Процесс модернизации начался со спада крестьянских революций, но Б.Мур призывает смотреть на крестьянскую ситуацию через призму коммерциализации и индустриализации. Формы их экономического объяснения слишком просты, т.к. не показывают, какие элементы крестьянской жизни (собственность, семья, религия) внесли вклад в революционность ситуации. А вот точка зрения, что безземельный сельский пролетариат был основным ресурсом революции ближе к истине526, что иллюстрируют Индия, Китай и Россия. Он выделяет два важных момента в анализе бунтов в аграрном обществе:
1. Их невозможно понять без знания действий высших классов;
2. Существует тенденция сопоставлять характер общества и бунт527.

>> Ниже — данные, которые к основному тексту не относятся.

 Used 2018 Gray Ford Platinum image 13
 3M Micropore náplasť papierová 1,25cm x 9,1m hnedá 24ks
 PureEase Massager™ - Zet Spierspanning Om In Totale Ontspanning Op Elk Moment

Б.Мур задается вопросом о социоструктурных основаниях, позволяющих объяснить различия между странами. Например, Индия и Китай: Китаю требовалась строгая централизация для поддержки крестьян, Индии не требовалась. Интересна и роль изучения сегментации общества для анализа революционных процессов (феодальная система, где власть сегментирована по территориям под властью номинального авторитета слабого монарха, и где этого не происходит): крестьянские восстания характерны для Китая и России, менее характерны для Европы, почти невозможны в Индии и Японии именно по этой причине528.
Но коммерческое влияние делало крестьянские революции слабыми, сопротивление было ограничено. Главными путями ответа на вызовы коммерциализированной буржуазии со стороны высших землевладельческих классов было стимулирование крестьянских восстаний. Так, в Китае и России крестьянские восстания были показателем того, что землевладельцы успешно или неуспешно входят в новую систему, главной задачей землевладельца было обеспечить безопасность от внешних влияний529. При этом эндемичный характер государства способствовал революциям в Китае и России, будучи тесно связан со структурой крестьянской общины.
Изменения крестьянской жизни сами по себе есть изменения прав крестьян, но необходимо учитывать степень солидарности и кооперации при разделении труда в крестьянской общине как один из факторов, который влияет на революционные проявления. Вандея или японские крестьяне — нетипичный для крестьянства паттерн, ибо уровень солидарности демонстрируется именно крестьянством, а это важно для понимания политических тенденций. Низкий уровень солидарности предполагает трудности с любым типом политических акций, важны в первую очередь мятежные и революционные формы солидарности. Возможна и иная солидарность — консервативная (Индия и Япония), возникающая при разделении труда и строгих санкциях; и радикальная солидарность (Россия), основанная на разделении ресурсов, особенно земли. Особенности солидарности производят политические акции как современные феномены (Франция, Германия, Италия).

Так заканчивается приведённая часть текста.